Manipulasi Hasil Quick Count Dinilai untuk Ciptakan Legitimasi

Djayadi menuturkan, proses penghitungan suara di Indoensia membutuhkan proses panjang, sehingga rentan kecurangan.

oleh Taufiqurrohman diperbarui 11 Jul 2014, 03:27 WIB
Diterbitkan 11 Jul 2014, 03:27 WIB
Jokowi-JK Prabowo-Hatta
(Antara Foto)

Liputan6.com, Jakarta - Direktur Eksekutif Indikator Politik Burhanuddin Muhtadi mencurigai dugaan manipulasi beberapa lembaga survei, terkait hasil penghitungan suara quick count atau hitung cepat Pilpres. Hasil survei indikator menunjukan pasangan Joko Widodo-Jusuf Kalla menang dengan 52,95%, sementara Prabowo Subianto-Hatta Rajasa hanya mendapatkan 47,66%.

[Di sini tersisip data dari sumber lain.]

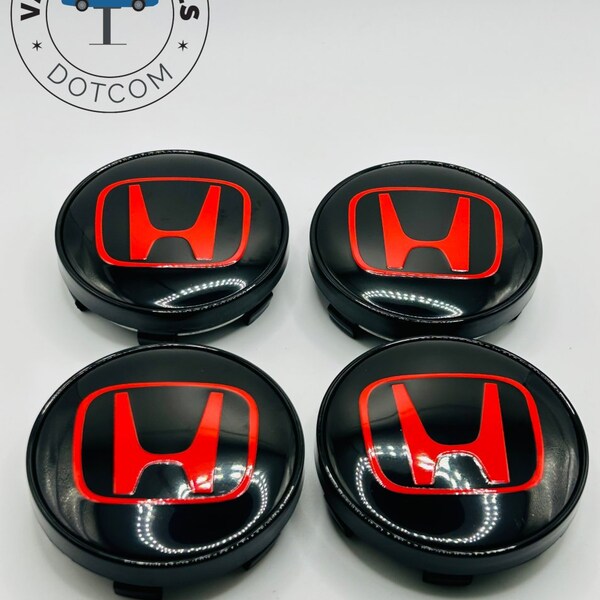 Honda Wheel Center Caps – Chrome With Black Logo, 69mm (Set Of 4)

Burhan menduga, manipulasi lembaga survei bertujuan menciptakan legitimasi. Misalnya, jika nanti proses penghitungan suara real count Komisi Pemilihan Umum (KPU) dicurangi dan menunjukkan kemenangan untuk Prabowo-Hatta, maka pasangan nomor urut 1 tersebut mempunyai bukti hitung cepat yang serupa.

"Itu terkait dengan afiliasi politik. Itu legitimasi. Terkait proses penghitungan manual di KPU yang coba dicari-cari legitimasi intelektualnya di dalam temuan survei. Kalau ada kecurangan dari TPS ke tingkat pusat, jadi KPU tidak merasa terteror dengan hasil hitung cepat," kata Burhan dalam konferensi pers Lembaga-Lembaga Penyelenggara Quick Count Pilpres 2014, di Hotel Atlet Century, Jakarta Pusat, Kamis (10/7/2014).

Hal senada juga diutarakan peneliti Saiful Mujani Research And Consulting (SMRC) Djayadi Hanan. Djayadi menuturkan, proses penghitungan suara di Indoensia membutuhkan proses panjang, sehingga rentan kecurangan.

"Perhitungan suara kita beda dengan Amerika. Kalau di Amerika dari TPS langsung ke pusat data nasional. Tapi kita dari kotak suara di TPS, ke kelurahan, ke kecamatan, kabupaten kota, provinsi dan baru ke pusat," tuturnya.

Dengan memanipulasi hitung cepat untuk menunjukkan kemenangan, kata Djayadi, maka bisa terjadi legitimasi yang juga akan memengaruhi masyarakat. "Itulah kenapa dilakukan deklarasi kemenangan. Supaya masyarakat juga tetap percaya."

"Kalau tidak ada deklarasi, masyarakat akan menilai hanya Jokowi-JK yang menang, sehingga akan bertanya-tanya kalau nanti KPU menetapkan Prabowo-Hatta. Dengan kondisi seperti ini, masyarakat juga terbelah," tandas Djayadi.

Setelah hampir selesai penghitungan suara quick count atau hitung cepat, pasangan capres dan cawapres Joko Widodo-Jusuf Kalla (Jokowi-JK) menyatakan kemenangan pada Pilpres 2014. Deklarasi kemenangan tersebut berdasarkan sejumlah lembaga survei.

Tak lama kemudian, pasangan Prabowo-Hatta pun tak mau kalah dan melakukan hal sama. Pasangan capres nomor urut 1 itu mendeklrasikan kemenangannya pada Pilpres sesuai hasil penghitungan quick count lembaga surveinya.

Keduanya saling mengklaim kemenangan pada Pilpres 2014. Namun Rabu malam, Presiden Susilo Bambang Yudhoyono memanggil kedua pasangan capres ke kediamanya di Puri Cikeas, Bogor. SBY meminta keduanya untuk tetap tenang dan menunggu hasil resmi penghitungan dari Komisi Pemilihan Umum (KPU).

Masyarakat pun merasa dibingungkan dengan keadaan tersebut. Sejumlah pihak meminta para lembaga survei untuk diaudit, guna membuktikan kredibilitas masing-masing.